A striking gap in confidence has opened between financial advisors and U.S. consumers, and economic data released Tuesday spells out how far that distance has grown over the last month.
Advisor confidence in the U.S. economy and the stock market rallied in September, climbing to its highest level in the last six months, according to the Rydex|SGI AdvisorBenchmarking survey. The advisor confidence index was 109.08 in September, up approximately 16% from its 16-month low of 93.8 in August.
However, the Conference Board's consumer index for September dropped precipitously to 48.5 in September–its lowest level since February–compared to a revised 53.2 in August from an original reading of 53.5. The headline number was well below economists' expectations for a reading of 52.5. Forecasts ranged from 48.0 to 55.0, according to a Thomson-Reuters poll.
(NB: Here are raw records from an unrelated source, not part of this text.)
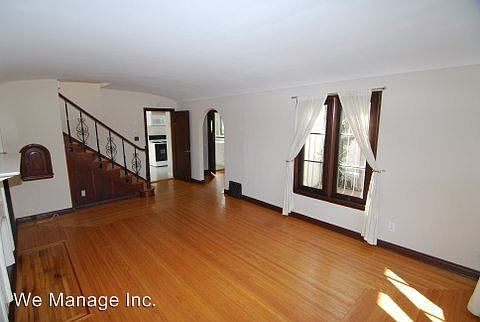 3rd image of 2936 E Vista St
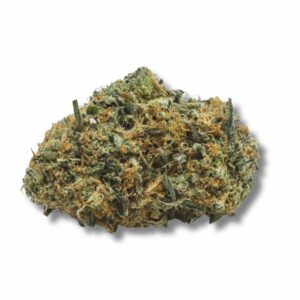 Tongue Twister | 3.5g Strain | Doja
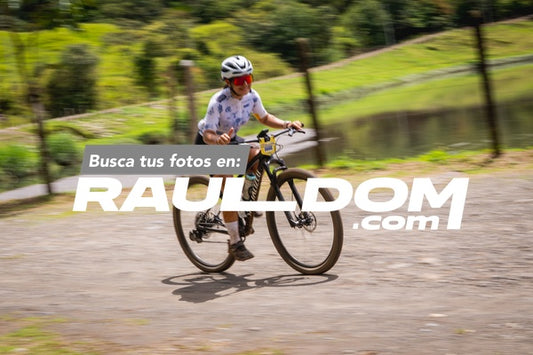 CyclingChallengeBoquete-enduropty-221.jpg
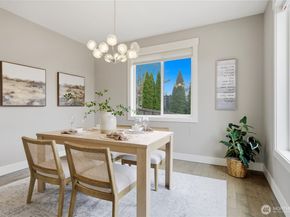 11422 NE 92nd Street, Kirkland WA 98033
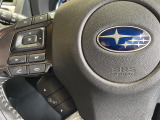 レヴォーグ 1.6 GT アイサイト Sスタイル 4WD 修復歴無し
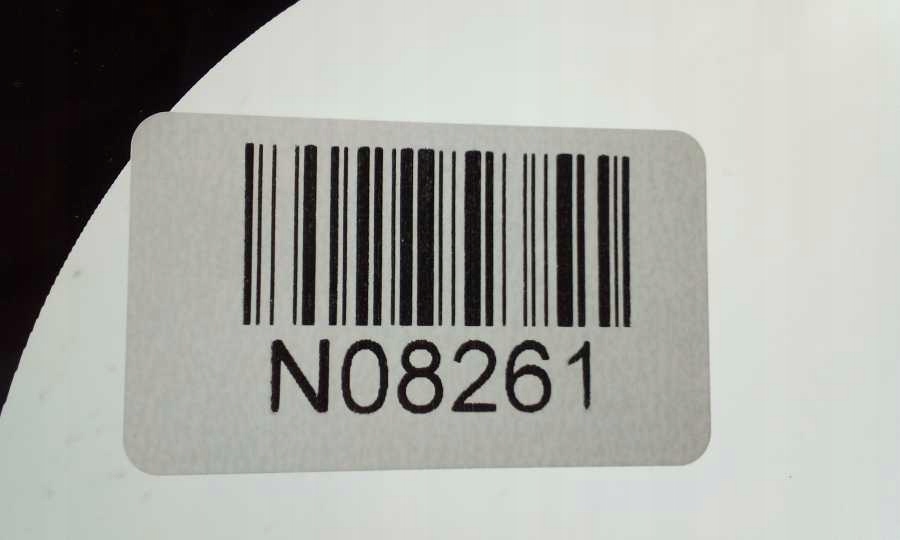 фото №7, Nowa скло лобове передня subaru impreza 2017-2023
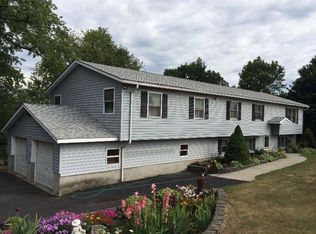 242 Freetown Hwy, Plattekill, NY 12589
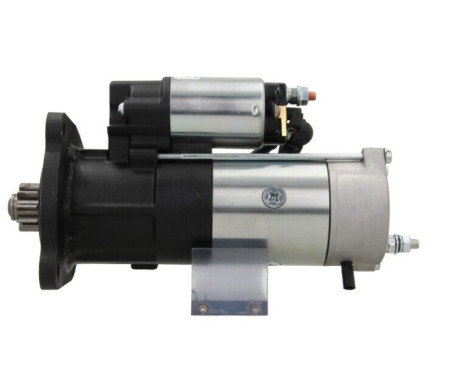 Starter CAV 3.6 kw, Image 2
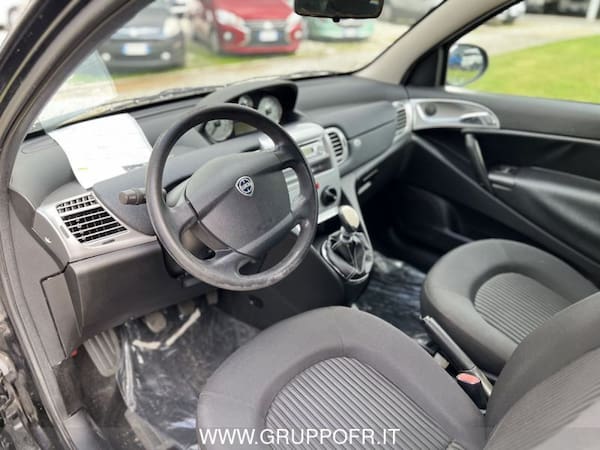 image desc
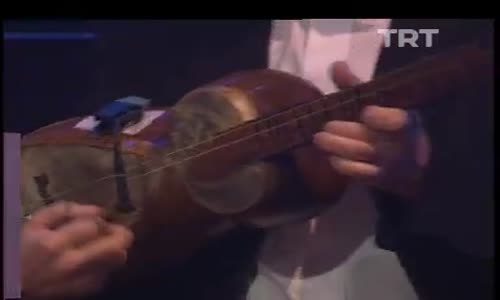 Nursaç Öner Günhan-Ala Gözlüm 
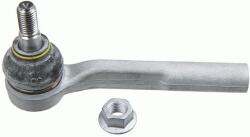 LEMFÖRDER Cap de bara LEMFÖRDER 27667 02 (27667 02) - automobilus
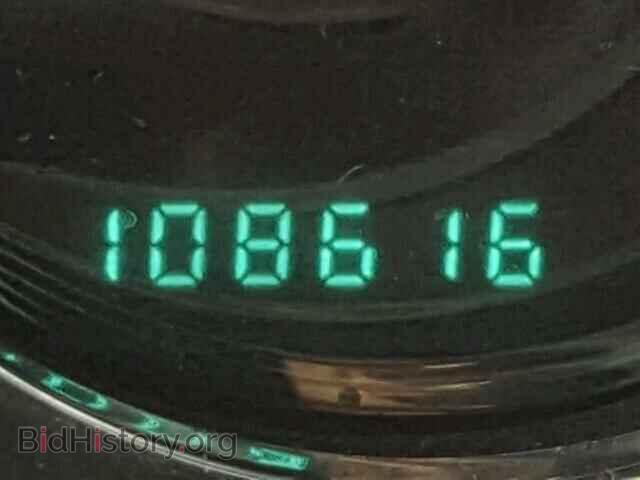 2012 CHRYSLER 200 - VIN: 1C3CCBBBXCN124822 - Фото 8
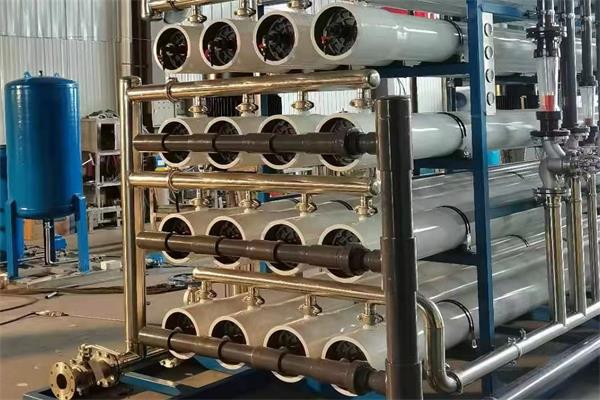沈阳水处理江南jiangnan(中国)多少钱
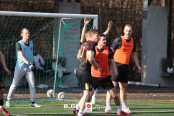 <a href="https://st.getinfootball.com/albums/1100647/69c1b7189f3a5_1920.jpg" target="_blank">Download original</a>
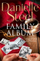 Family Album  - Danielle Steel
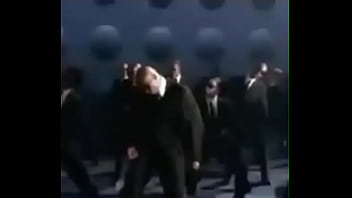 Tu gfa se come mi polla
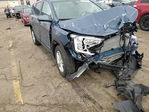 GMC Terrain 2024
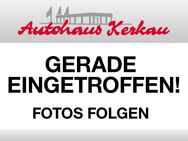 Hyundai i10, 1.0 Select R, Jahr 2024 - Delligsen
The confidence gap has arisen due to the difference between what market players are experiencing in global activity versus U.S. consumers' struggle to regain the financial ground they lost in the 2008-9 recession. While economists and analysts see a modest recovery, consumers see weak job growth and deteriorating business conditions.
'The Consumer Always Lags a Bit'
"The consumer always lags a bit in finding out that the economy is heading into a soft spot, and the consumer lags when there's better news around the corner," said Jim Kelleher, director of research for New York-based equities research firm Argus Research.
"The market has been fairly good in September, and that is consistent with the market's longstanding ability to climb a so-called 'wall of worry,'" Kelleher added. "This summer was characterized by lots of talk: double-dip
recession and possible deflation. At the same time, on a global basis, U.S. consumers may have been unaware of some very encouraging demand trends and signs of economic recovery, particularly in the growth economies overseas."